STORAGE WACOG: All remaining volumes, up to Buyer's MDQ, shall be equal to
the Storage WACOG plus applicable Variable Charges.
3.1.2 Buyer's Right to Fixed Pricing. Buyer shall retain the right to convert
any Baseload Volume Index price to a fixed price for any portion of the
MDQ for any Month(s) during the Term of this Agreement, provided any
converted volumes are specifically within the following Commodity Price
tiers: Sonat Index, Peak Period Baseload Index, Peak Period Swing Index,
Off-Peak Period Baseload Index or Off-Peak Period Swing index. Such
fixed pricing shall be defined as the applicable NYMEX based price plus
a mutually agreed upon basis differential, Buyer must notify Seller of
any change to fixed pricing for any Month on or before three (3) full
business Days prior the last Day of trading for the applicable NYMEX
future contract Month(s). In addition, if Buyer elects to convert to a
fixed price for any of its MDQ, then Buyer will be required to purchase
on each Day during the applicable converted period 100 percent of the
volume that Buyer elected to convert to a fixed price.
3.2 Guaranteed Payment. Buyer agrees to invoice Seller on or before the 15th
Day of each Month during the Term and Seller agrees to pay Buyer an
amount of $ *** , payable in thirty six (36) equal installments of $ ***
on or before the 25th Day of each Month during the Term of this
Agreement to compensate Buyer for the use of Buyer's portfolio. Such
payments shall be made by wire transfer at such location as Buyer may
from time to time designate in writing.
3.3 Transportation and Underground Storage Cost Reimbursement. Buyer shall
reimburse Seller for 100 percent of the transportation and underground
storage reservation charges associated with capacities assigned from
Buyer to Seller pursuant to Article IV during the Term of this
Agreement. In addition, Buyer shall reimburse Seller for 100 percent of
the applicable transportation and underground storage Variable Charges
associated With the delivery of Gas by Seller to Buyer's Delivery Points
up to the MDQ and based upon the pricing hierarchy as reflected in
section 3.11. All Transporter refunds and credits applicable to the Term
of this Agreement associated with capacities assigned from Buyer to
Seller during the Term of this Agreement shall belong to Buyer.

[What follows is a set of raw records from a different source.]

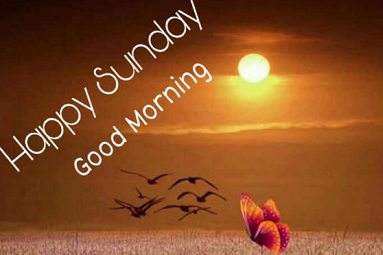 Good Morning Happy Sunday | 25+ Good morning happy Sunday Images Good Morning Happy Sunday | 25+ Good morning happy Sunday Images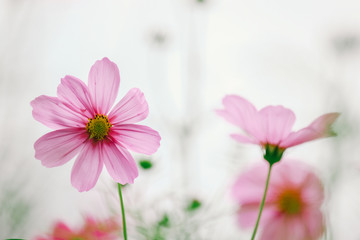 asia,aster,background,beautiful,bipinnatus,bloom,blossom,bokeh,botanical,botany,close,color,cosmos,drop,farm,field,flora,flower,freshness,garden,green,hipster,jim,jimthomson,life,macro,meadow,minimal,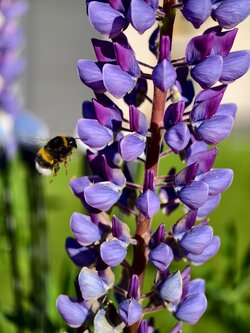 IMG_20250510_084326.jpg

3.4 Underground Storage Refill.
***
3.5 Suspension of Indices, If, during the Term of this Agreement, a
specified index as defined in sections 1.19, 1.20, 1.22 and 1.23 ceases
to be published or is not published for a given Month, or, if a more
appropriate index becomes available then Buyer and Seller shall mutually
agree upon a replacement index.
ARTICLE IV
TRANSPORTATION AND UNDERGROUND STORAGE ASSIGNMENTS
4.1 Assignment of Transportation and Under-ground Storage Contracts to
Seller. Each Month, Buyer shall assign or otherwise provide agency
rights to the specified transportation and underground storage contracts
and related quantities as listed in Appendix 1, as attached hereto. Such
quantities are subject to recall and will be adjusted each Month in
accordance with Buyer's Unbundling Program requirements. Subject to
Article 11 of this Agreement and the limitations set forth in section
4.2.4 below, Seller shall have full and complete control over the
utilization of the contracts and related quantities listed in Appendix
1, including without limitation the manner and timing of any
transportation, injections, and withdrawals of Gas under such contracts,
provided that Seller shall maintain maximum withdrawal rights on each of
the Tennessee FS-MA contract numbers 527, 524 and 2272 at all times
throughout the term of this Agreement and further that Seller shall not
release any Tennessee capacity on contracts 2062, 2025, and 435 upstream
of Zone 4 at any time during the Months of December, January and
February Any incremental charges incurred by either Buyer or Seller as a
result of such utilization by Seller shall be the sole responsibility of
Seller, and Seller shall either pay or credit Buyer for any such charges
incurred by Buyer. All assignments or agency rights from Buyer to Seller
shall be in accordance with all the applicable Transporters' tariff
provisions and shall terminate upon the expiration of this Agreement.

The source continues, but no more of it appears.